◆ EXERCISE GOAL
Transcribe the listing in full, excluding any pictures.

####

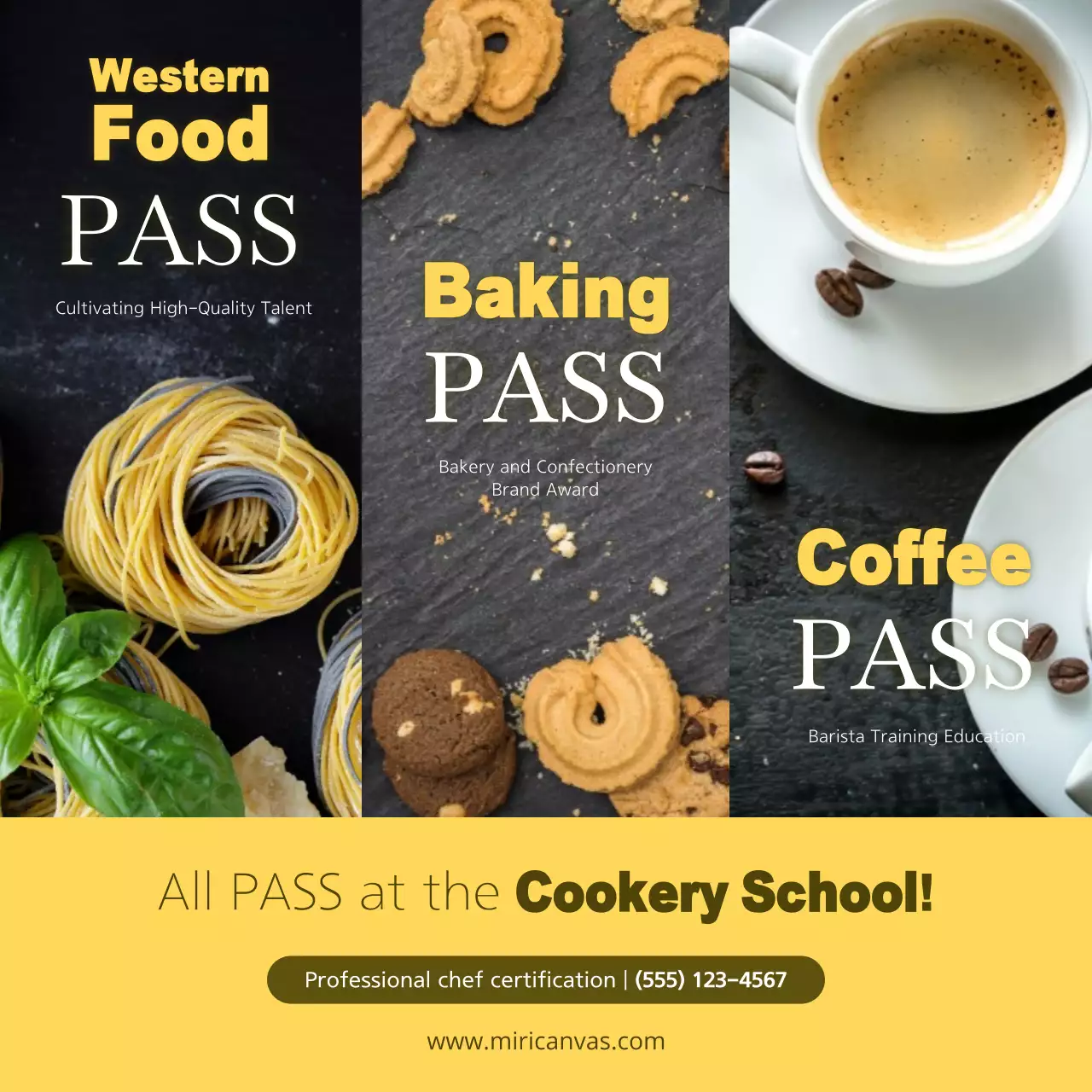Yellow Modern Cookery Promotion Instagram Post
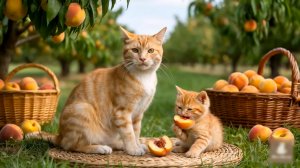 😹Мама кошечка собирает и кормит своего маленького сыночка вкусными и спелыми персиками🔥
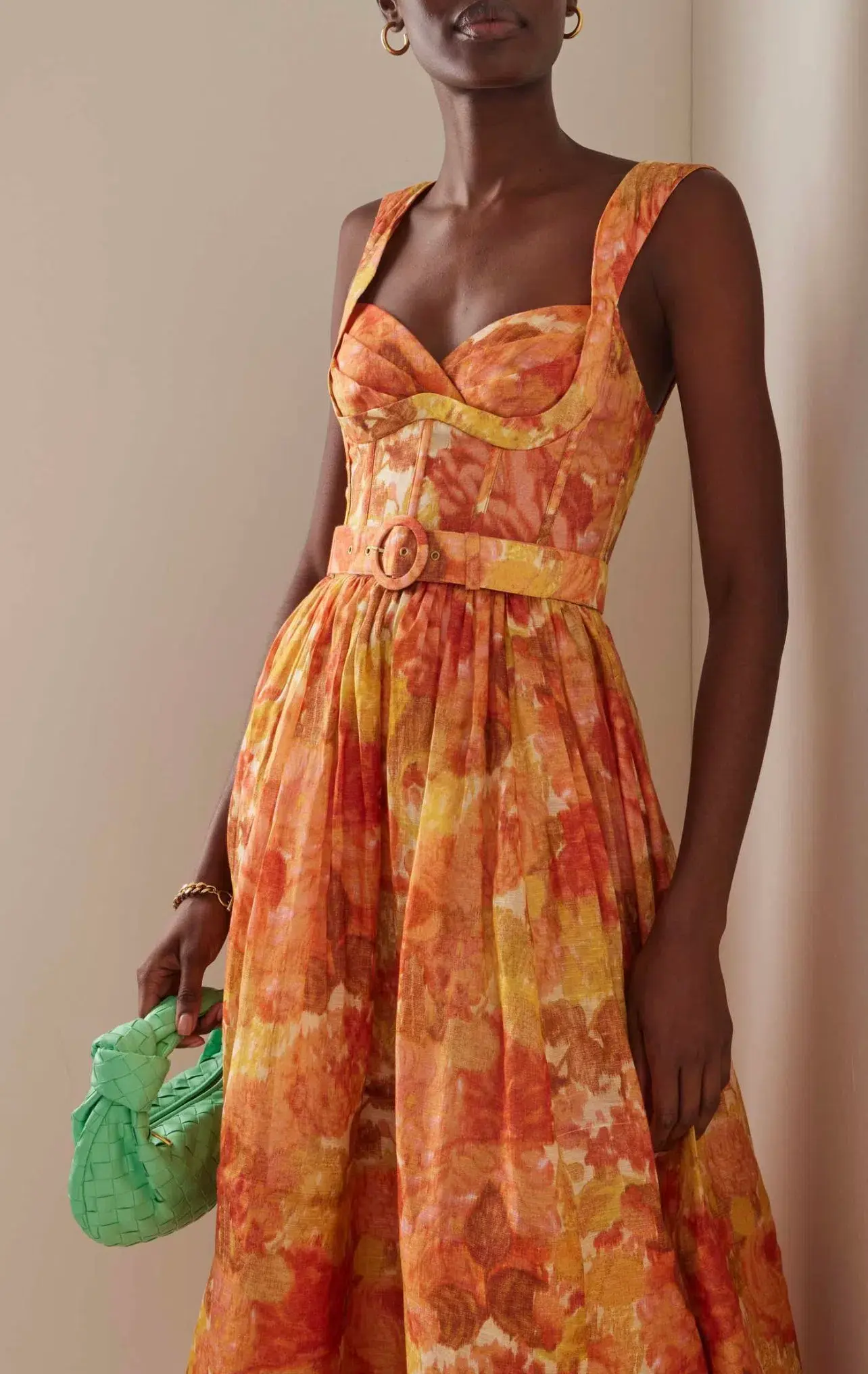 Zimmermann The High Tide Picnic Dress in Citrus Ikat Floral Size 1/Au 10  - Image 2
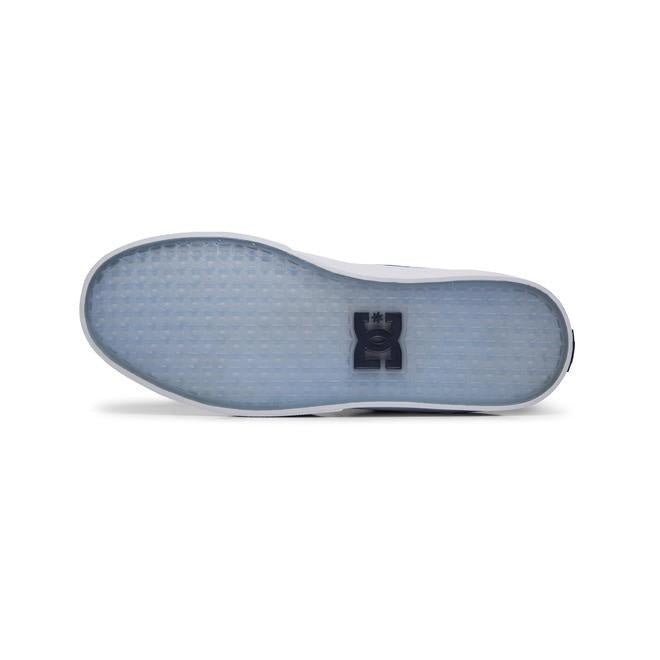 A DC JOSH X WILL NAVY shoe with blue soles on a white background, perfect for skateboarding.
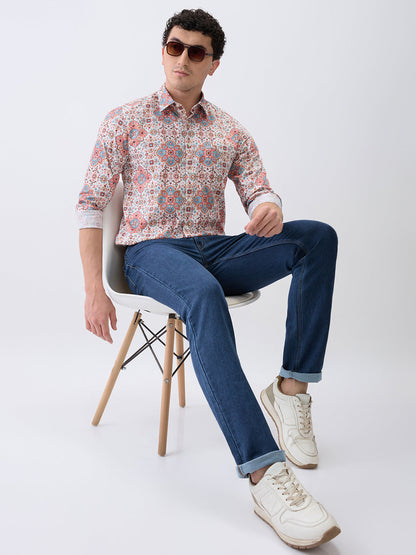 Parx Men Blue Knitted Low Rise Tapered Fit Cotton Blend Jeans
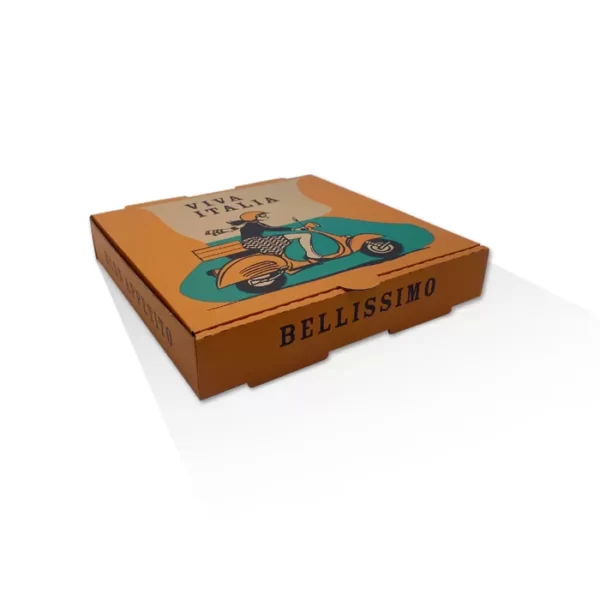 Pizza Box 9" Brown Printed, 100/Bundle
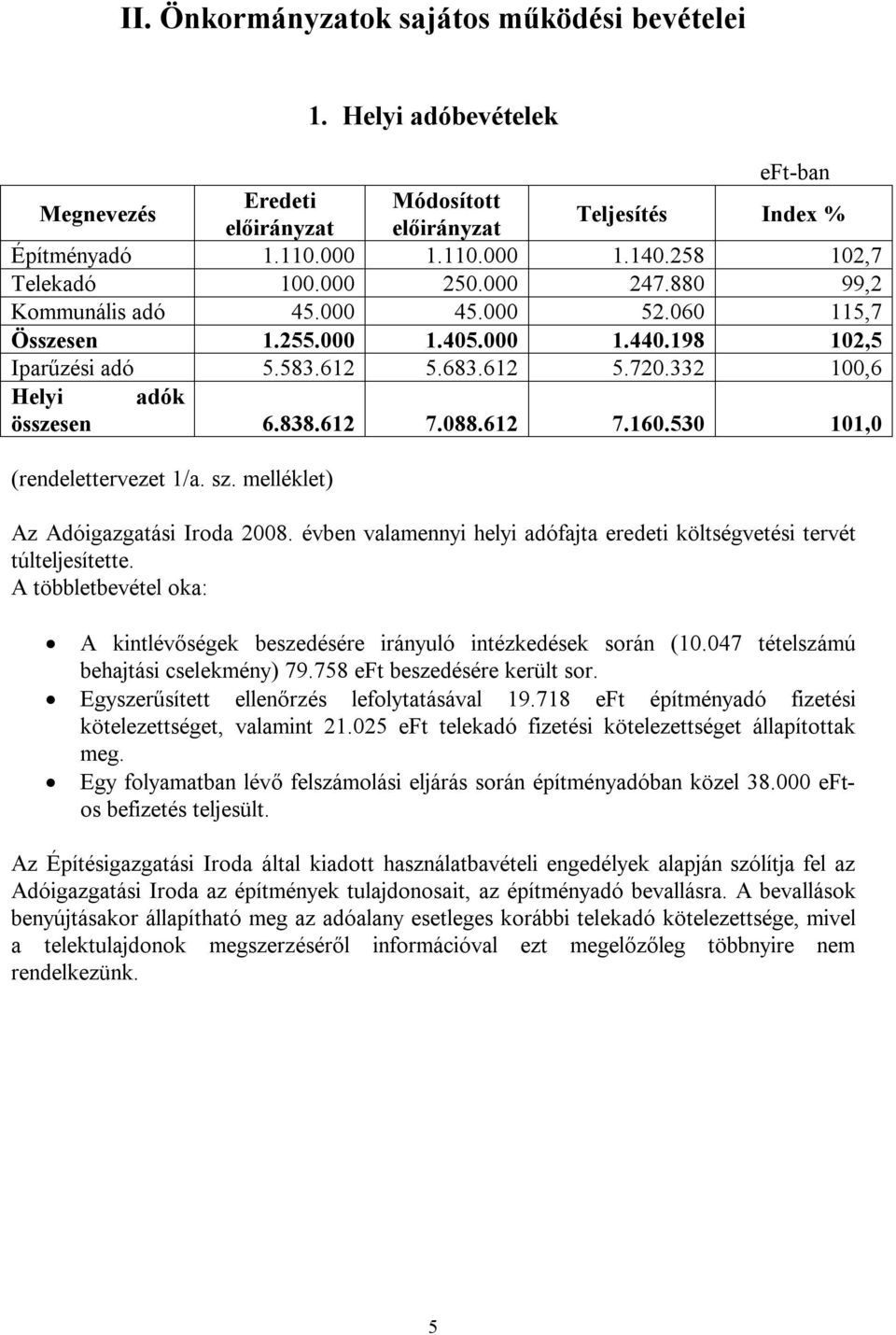 melléklet) Az Adóigazgatási Iroda 2008. évben valamennyi helyi adófajta eredeti költségvetési tervét túlteljesítette. A többletbevétel oka: A kintlévőségek beszedésére irányuló intézkedések során (10.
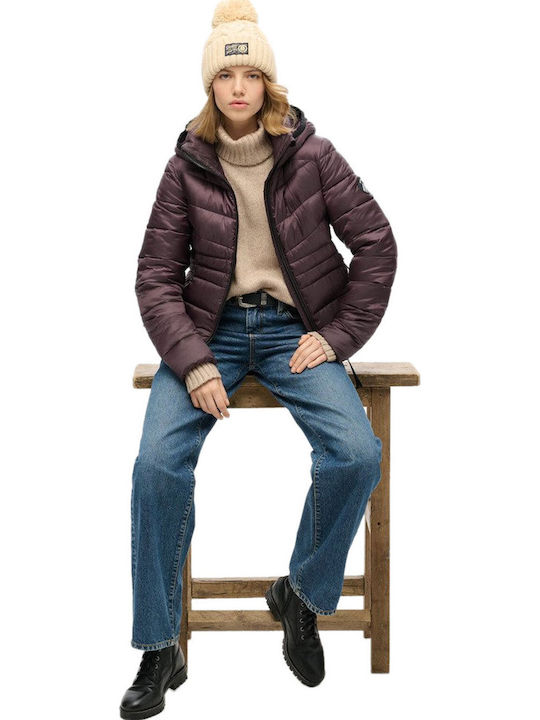 Fuji Women's Short Puffer Jacket for Winter with Hood Purple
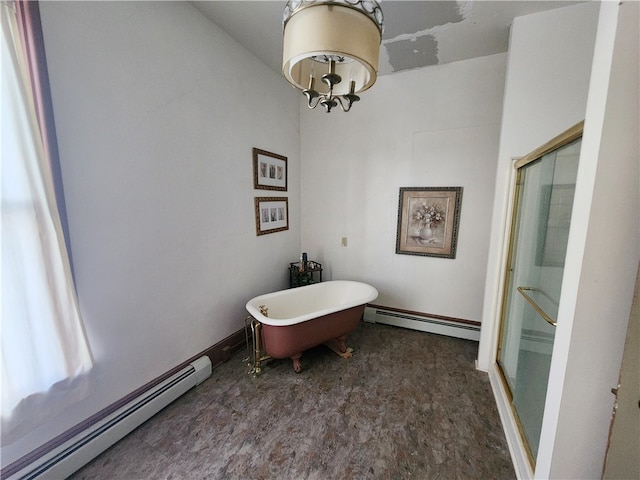 bathroom with walk in shower, a notable chandelier, and baseboard heating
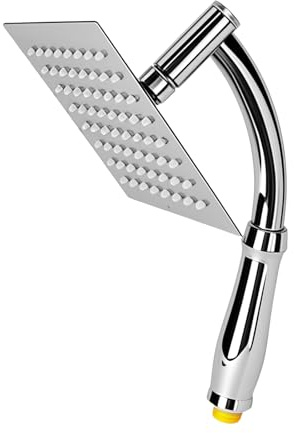 Rzspher Soffione a pioggia quadrata da 20 cm, soffione doccia a cascata con braccio rimovibile, testa a mano ad alta pressione in acciaio inox con Nozzle Self Cleaning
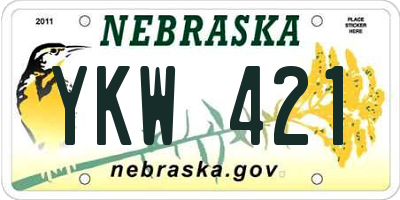 NE license plate YKW421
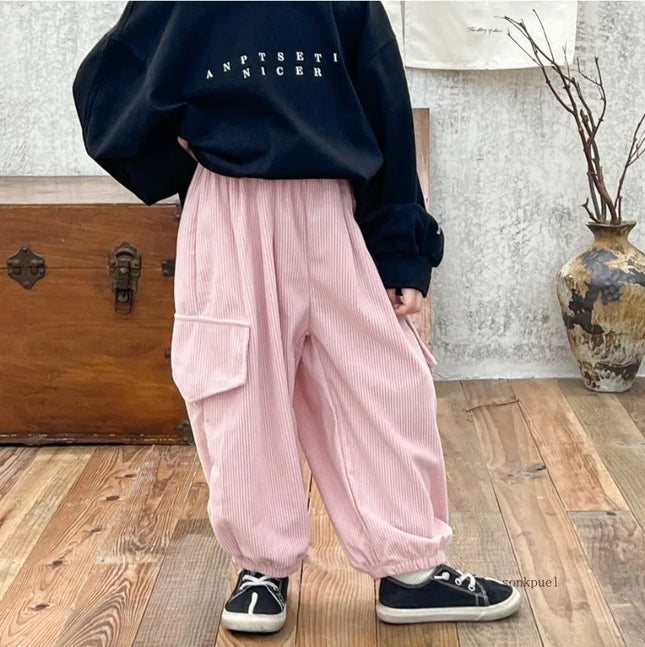 Baby Boys Girls Pants 2024 Cool Boy Plain Baby Overalls Spring and Autumn Kids Bottom Children's Clothin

####

◆ RESULT BELOW
Yellow Modern Cookery Promotion Instagram Post
 😹Мама кошечка собирает и кормит своего маленького сыночка вкусными и спелыми персиками🔥
 Zimmermann The High Tide Picnic Dress in Citrus Ikat Floral Size 1/Au 10  - Image 2
 A DC JOSH X WILL NAVY shoe with blue soles on a white background, perfect for skateboarding.
 Parx Men Blue Knitted Low Rise Tapered Fit Cotton Blend Jeans
 Pizza Box 9" Brown Printed, 100/Bundle
 melléklet) Az Adóigazgatási Iroda 2008. évben valamennyi helyi adófajta eredeti költségvetési tervét túlteljesítette. A többletbevétel oka: A kintlévőségek beszedésére irányuló intézkedések során (10.
 Fuji Women's Short Puffer Jacket for Winter with Hood Purple
 bathroom with walk in shower, a notable chandelier, and baseboard heating
 Rzspher Soffione a pioggia quadrata da 20 cm, soffione doccia a cascata con braccio rimovibile, testa a mano ad alta pressione in acciaio inox con Nozzle Self Cleaning
 NE license plate YKW421
 Baby Boys Girls Pants 2024 Cool Boy Plain Baby Overalls Spring and Autumn Kids Bottom Children's Clothin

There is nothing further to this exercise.